Practical Applications
Immediate Applications
Below are concrete ways GASP (Guided Asymmetric Self-Play) can be used now, drawing on its guided curriculum generation, learnability-based rewards, and verifiable RL loop for coding tasks.
- Software engineering and AI product teams
- CI-integrated “self-play fine-tuning” to reduce build failures
- Workflow: Mine failing or flaky tests and unresolved tickets as goalposts; generate lemma (easier) and lift (harder) problem variants; fine-tune the in-house code LLM with RLVR using verifiable unit tests as rewards; redeploy the model in the IDE/CI.
- Potential tools/products: “Goalpost Miner” service; “Lemma–Lift Generator” prompt library; “Self-Play Trainer” using Task-Relative REINFORCE++; diversity filter module (rejection sampling).

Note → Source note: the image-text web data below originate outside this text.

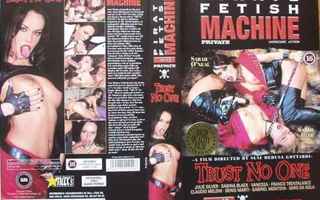 Pirate Fetish Machine  **  Trust No One  **  VHS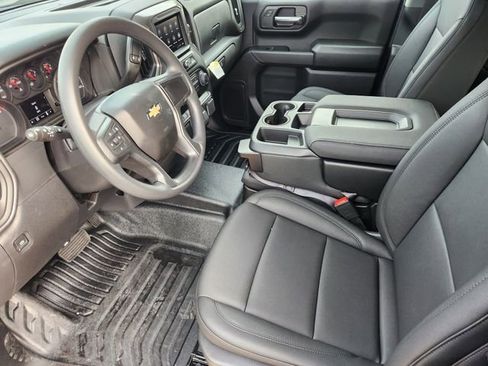 New 2026 Chevrolet Silverado 1500 W/T w/ WT Value Package image 4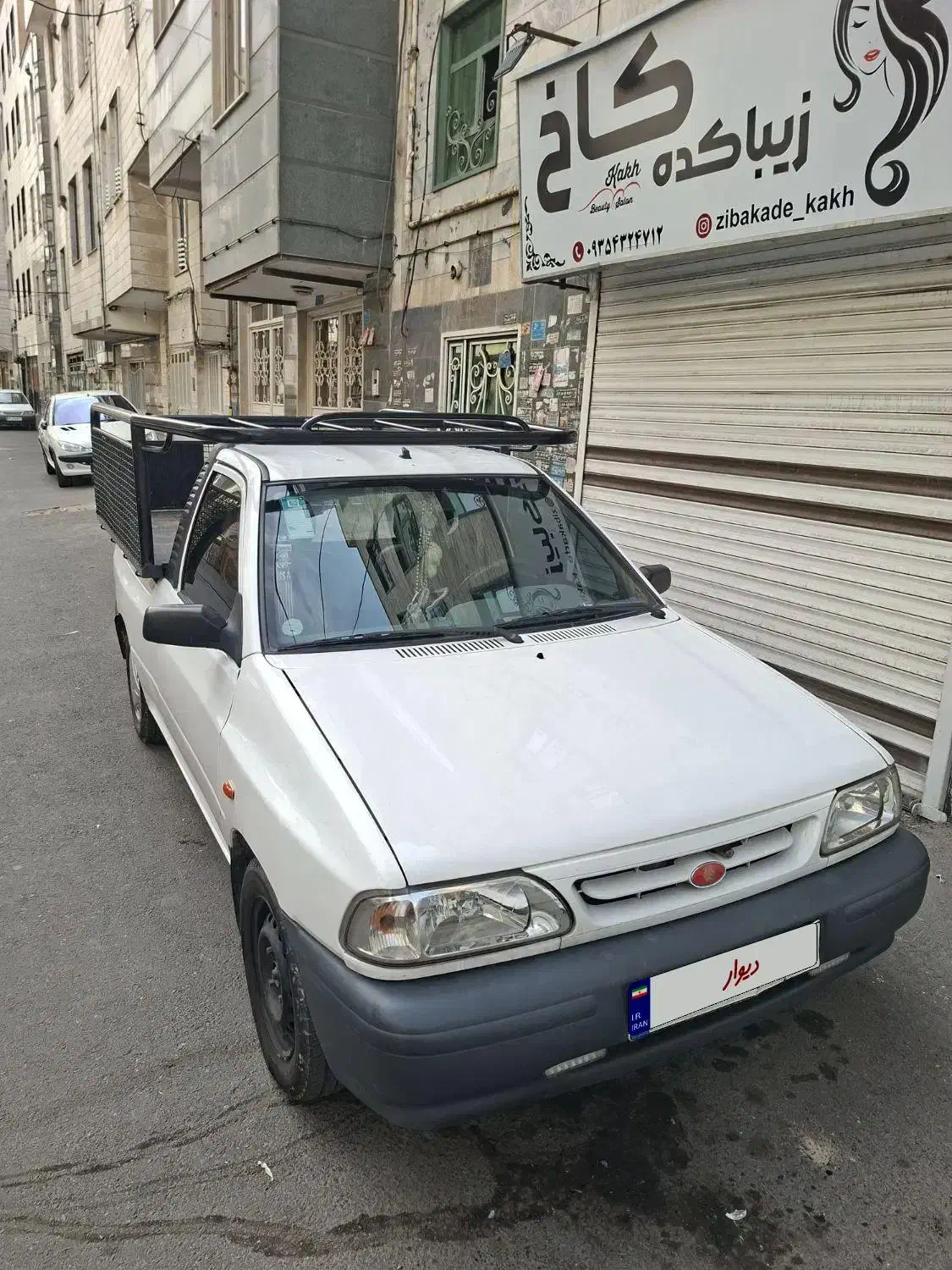 پراید ۱۵۱|خودرو سواری و وانت|قدس, شهر‌قدس|دیوار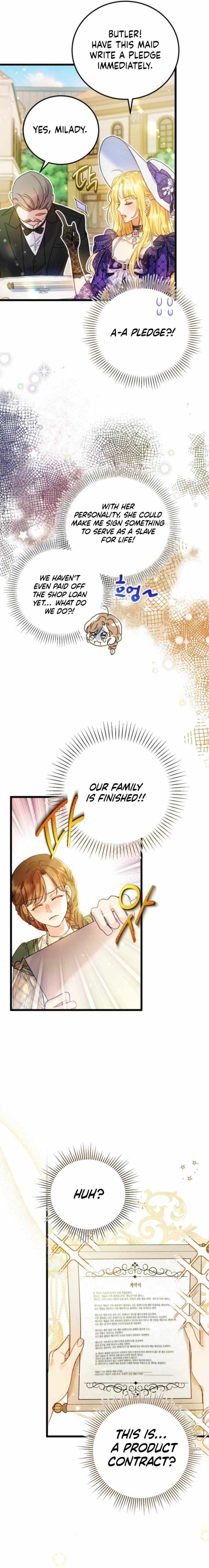 The Villainess Is a Millionaire Fixer Chapter 1 page 13 - 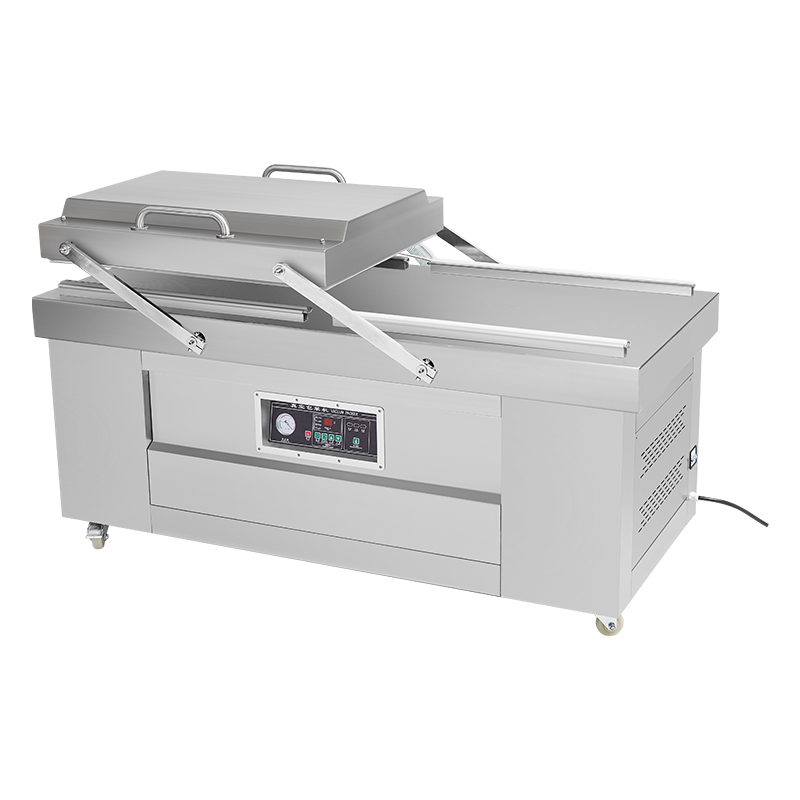Double Vacuum Sealing  DZ-800- - Meal Prep Usa review and price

- Dependencies/assumptions: Safe sandboxed execution for tests; a base model with sufficient coding ability; compute budget for RL; robust pass/fail test suites (verifiable rewards); monitoring for distribution shifts.
- Rapid domain adaptation of code assistants to internal APIs
- Workflow: Treat recurring internal API misuse or unsolved API-specific tasks as goalposts; synthesize targeted curricula that preserve the motif (API usage patterns) and progressively increase complexity.
- Dependencies/assumptions: Access to logs or telemetry to identify goalposts; curated safety rules for code execution; embeddings for similarity filtering to avoid near-duplicate data.
- Test-input stress generation via the I/O difficulty axis
- Workflow: For a given task motif, generate edge-case input–output examples to harden test suites (e.g., nested structures, multi-argument cases).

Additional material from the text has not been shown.